(Extracted records)
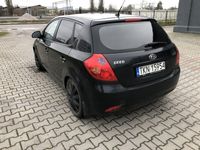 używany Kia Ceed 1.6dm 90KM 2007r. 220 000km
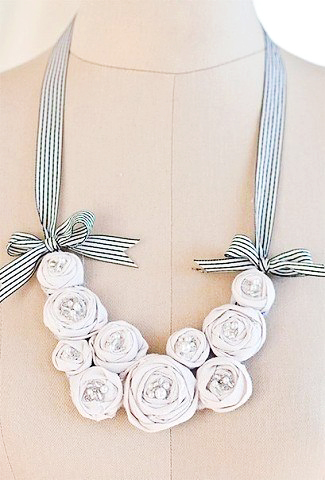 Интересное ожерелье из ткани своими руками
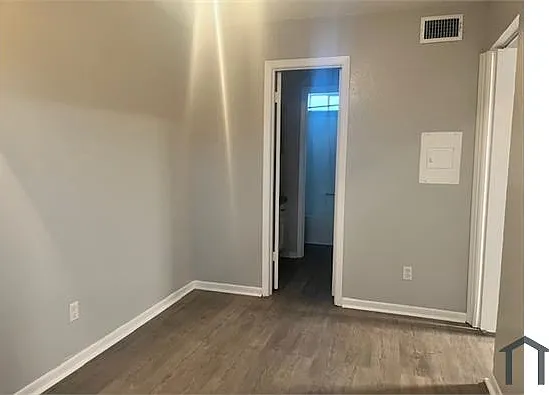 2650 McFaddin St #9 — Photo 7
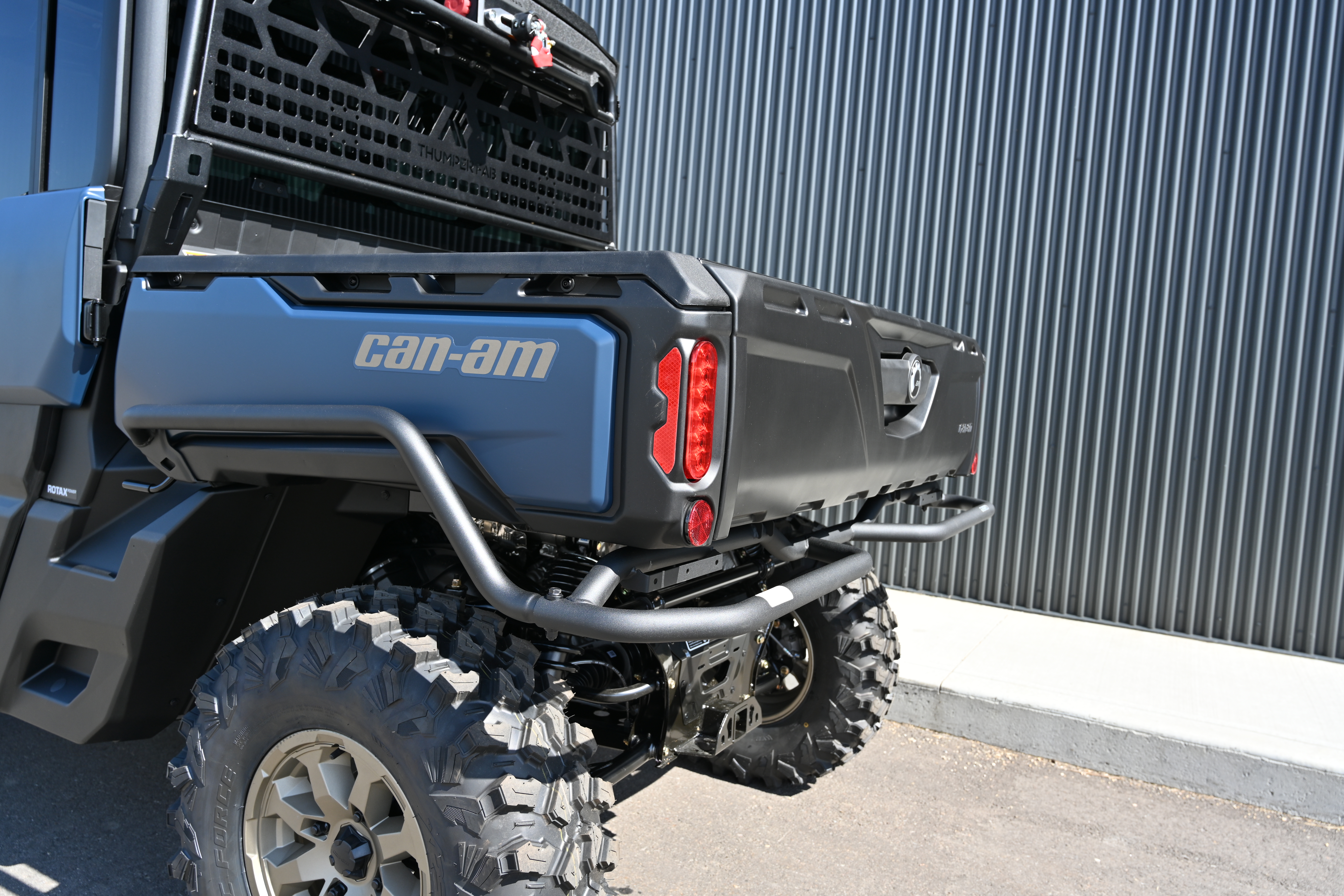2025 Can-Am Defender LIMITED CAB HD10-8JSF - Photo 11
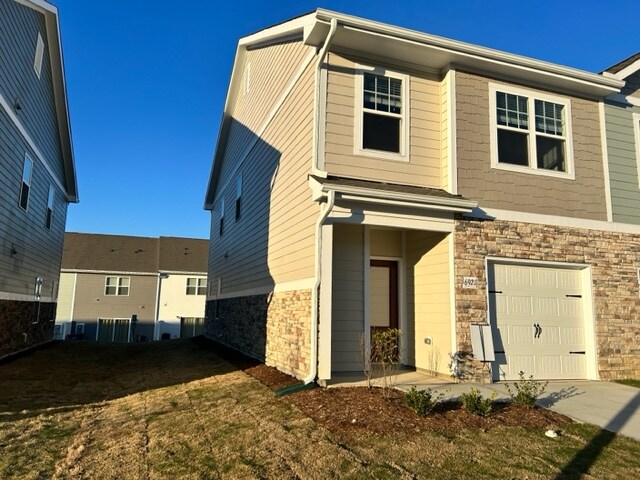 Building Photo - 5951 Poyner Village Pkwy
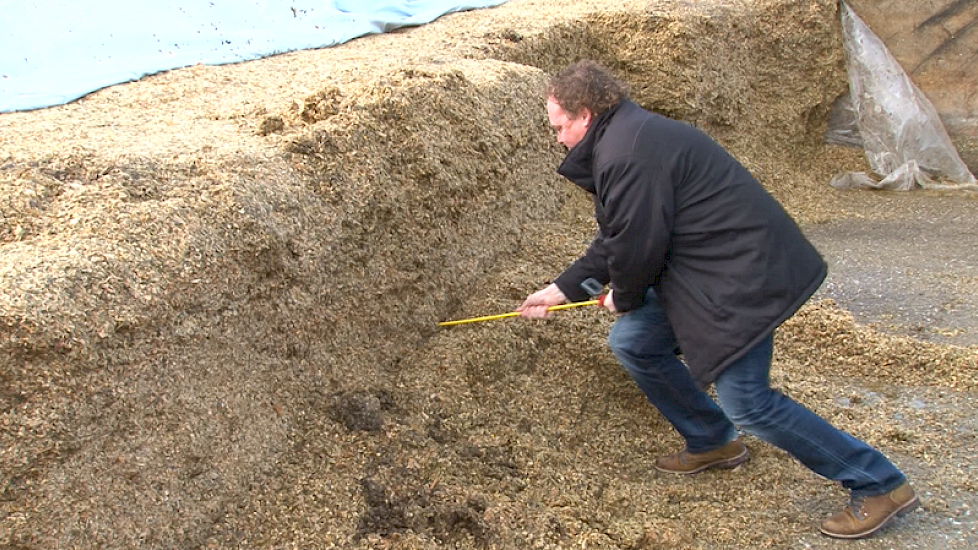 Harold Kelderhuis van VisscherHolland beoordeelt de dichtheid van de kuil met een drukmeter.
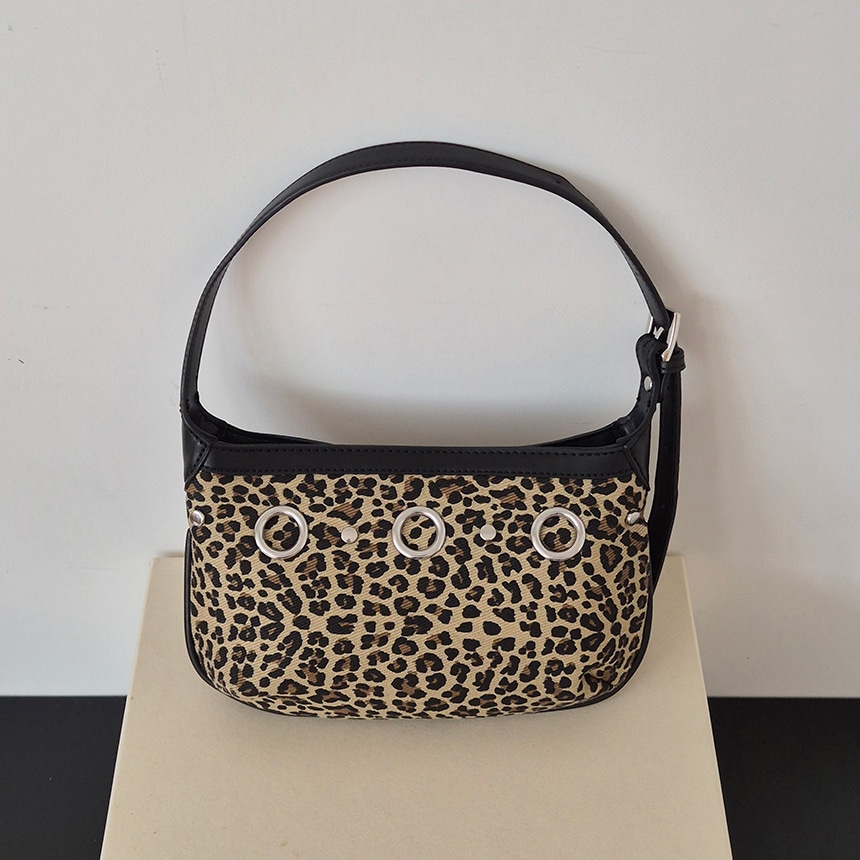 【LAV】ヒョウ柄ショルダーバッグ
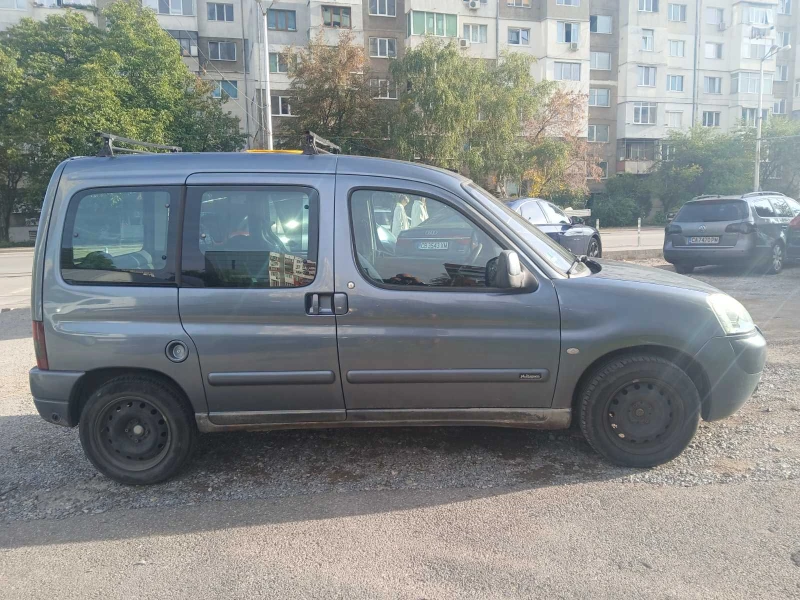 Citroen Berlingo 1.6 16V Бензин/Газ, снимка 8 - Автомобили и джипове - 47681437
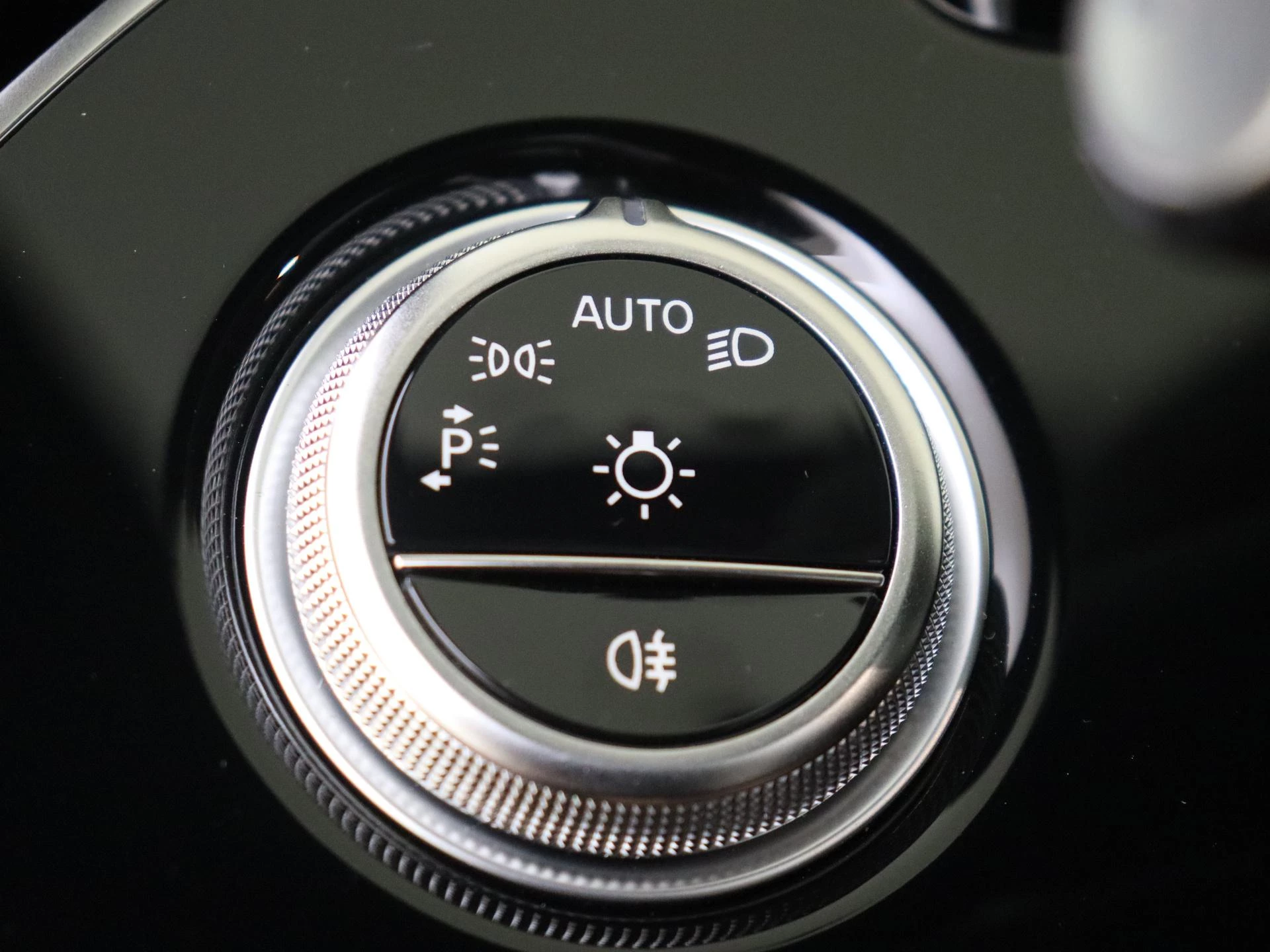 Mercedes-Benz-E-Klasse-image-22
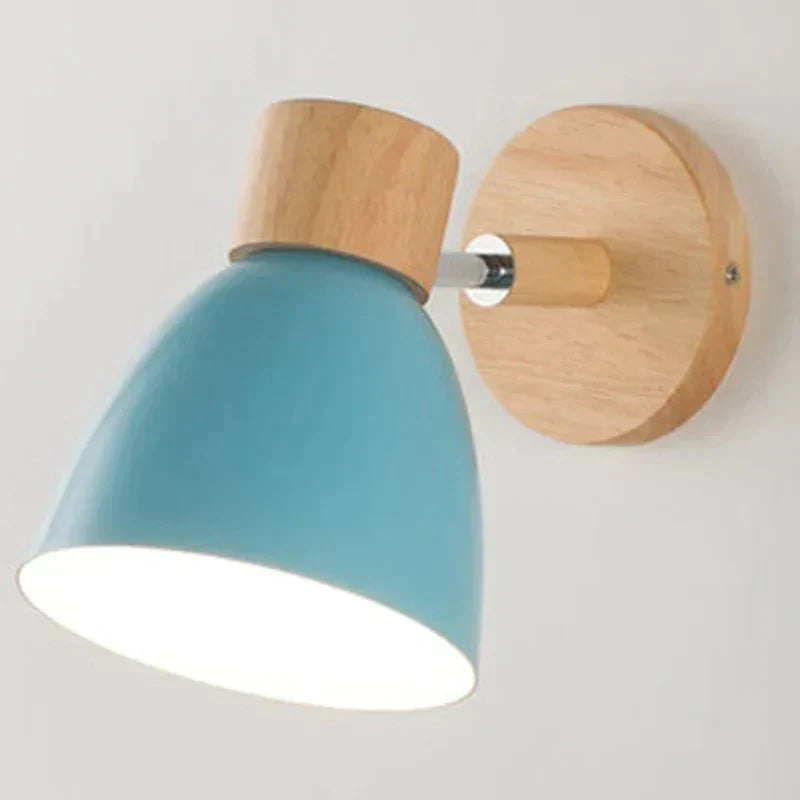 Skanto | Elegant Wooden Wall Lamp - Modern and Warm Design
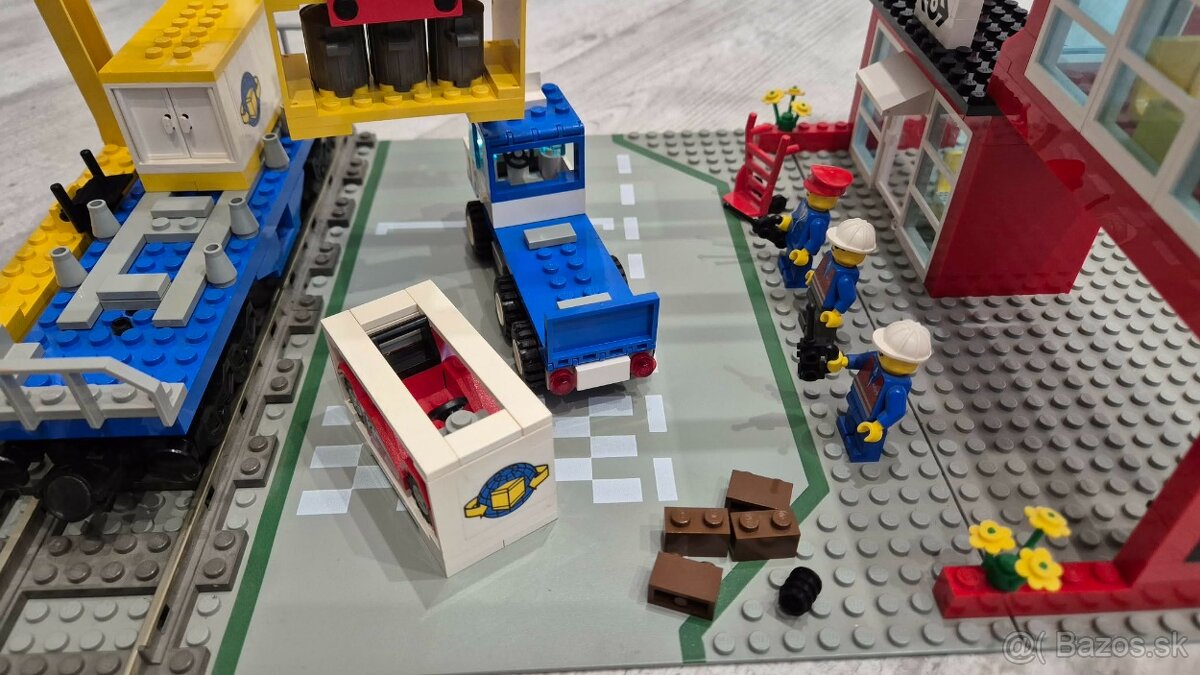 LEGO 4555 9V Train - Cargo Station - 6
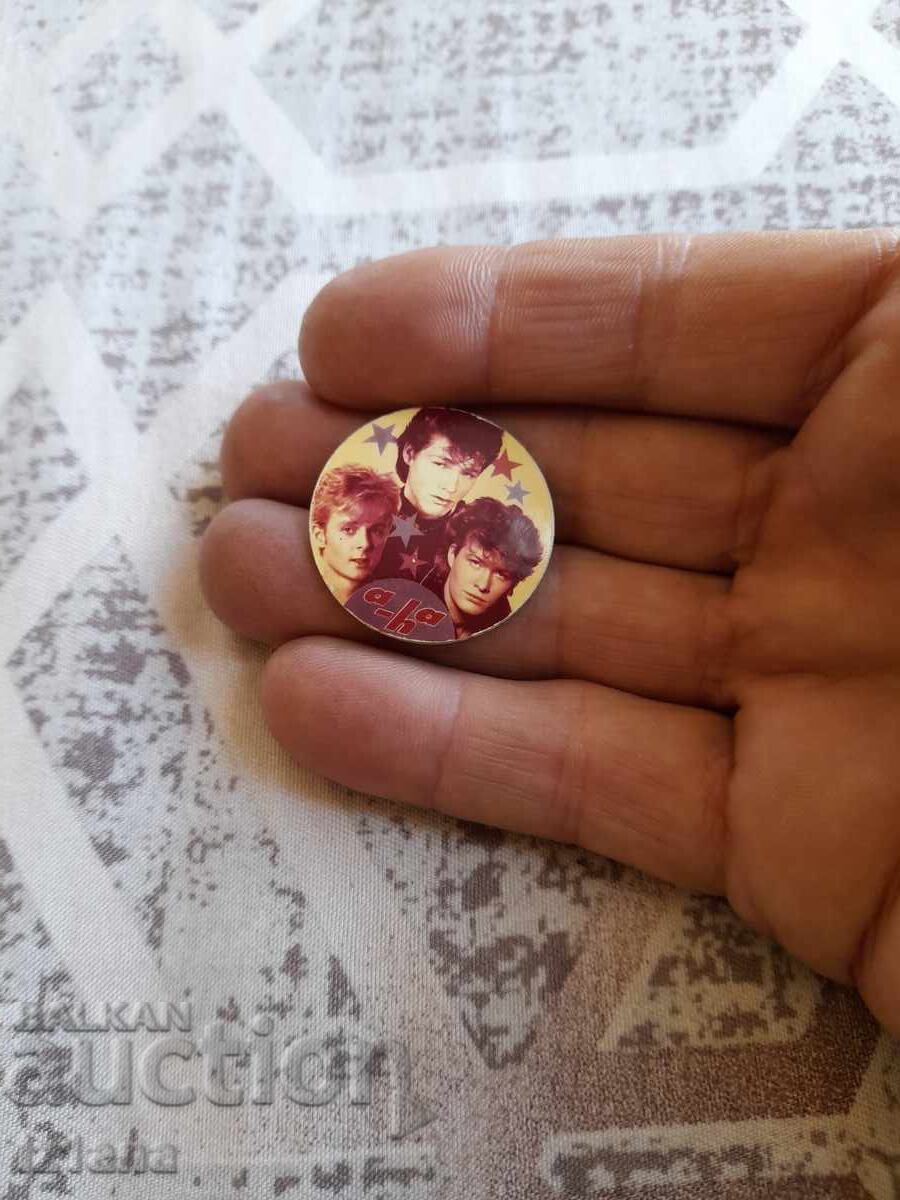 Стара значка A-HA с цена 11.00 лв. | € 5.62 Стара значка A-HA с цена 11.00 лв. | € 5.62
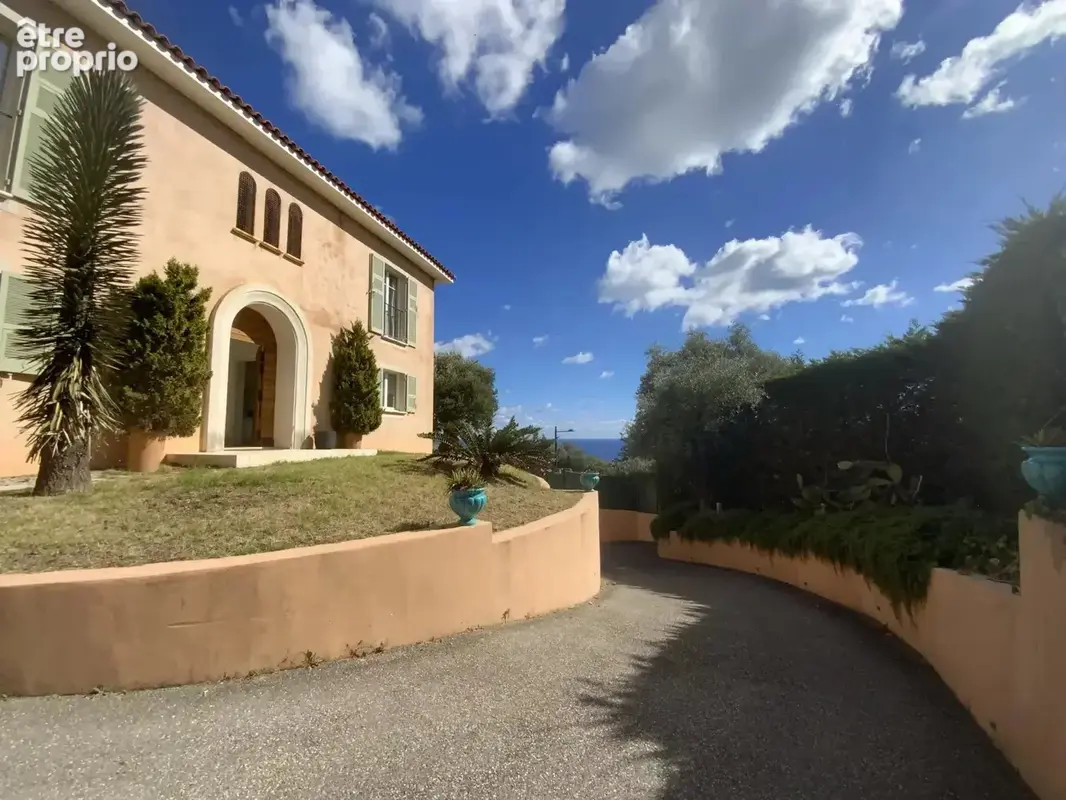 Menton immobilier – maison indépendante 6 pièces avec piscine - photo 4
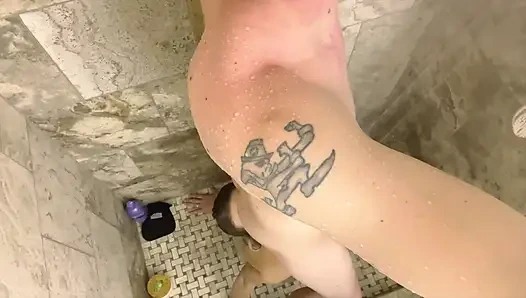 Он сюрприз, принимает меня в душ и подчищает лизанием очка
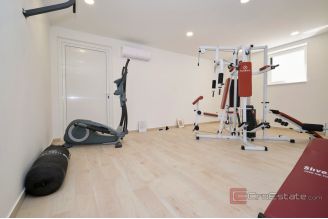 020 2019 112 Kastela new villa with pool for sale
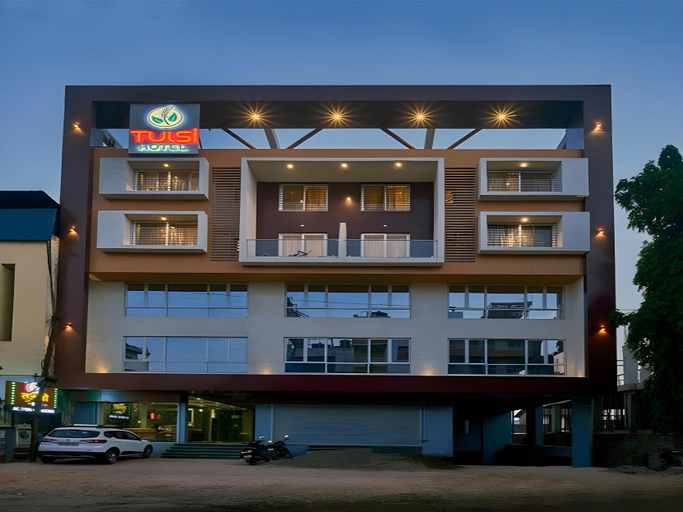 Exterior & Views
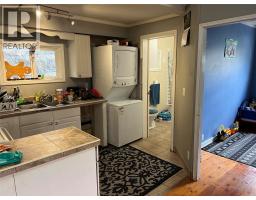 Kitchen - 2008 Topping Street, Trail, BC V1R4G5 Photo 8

What is required
Without including the pictures, reproduce all entries exactly.

Output
 używany Kia Ceed 1.6dm 90KM 2007r. 220 000km
 Интересное ожерелье из ткани своими руками
 2650 McFaddin St #9 — Photo 7
2025 Can-Am Defender LIMITED CAB HD10-8JSF - Photo 11
 Building Photo - 5951 Poyner Village Pkwy
 Harold Kelderhuis van VisscherHolland beoordeelt de dichtheid van de kuil met een drukmeter.
 【LAV】ヒョウ柄ショルダーバッグ
 Citroen Berlingo 1.6 16V Бензин/Газ, снимка 8 - Автомобили и джипове - 47681437
 Mercedes-Benz-E-Klasse-image-22
 Skanto | Elegant Wooden Wall Lamp - Modern and Warm Design
 LEGO 4555 9V Train - Cargo Station - 6
 Стара значка A-HA с цена 11.00 лв. | € 5.62 Стара значка A-HA с цена 11.00 лв. | € 5.62
 Menton immobilier – maison indépendante 6 pièces avec piscine - photo 4
 Он сюрприз, принимает меня в душ и подчищает лизанием очка
 020 2019 112 Kastela new villa with pool for sale
 Exterior & Views
 Kitchen - 2008 Topping Street, Trail, BC V1R4G5 Photo 8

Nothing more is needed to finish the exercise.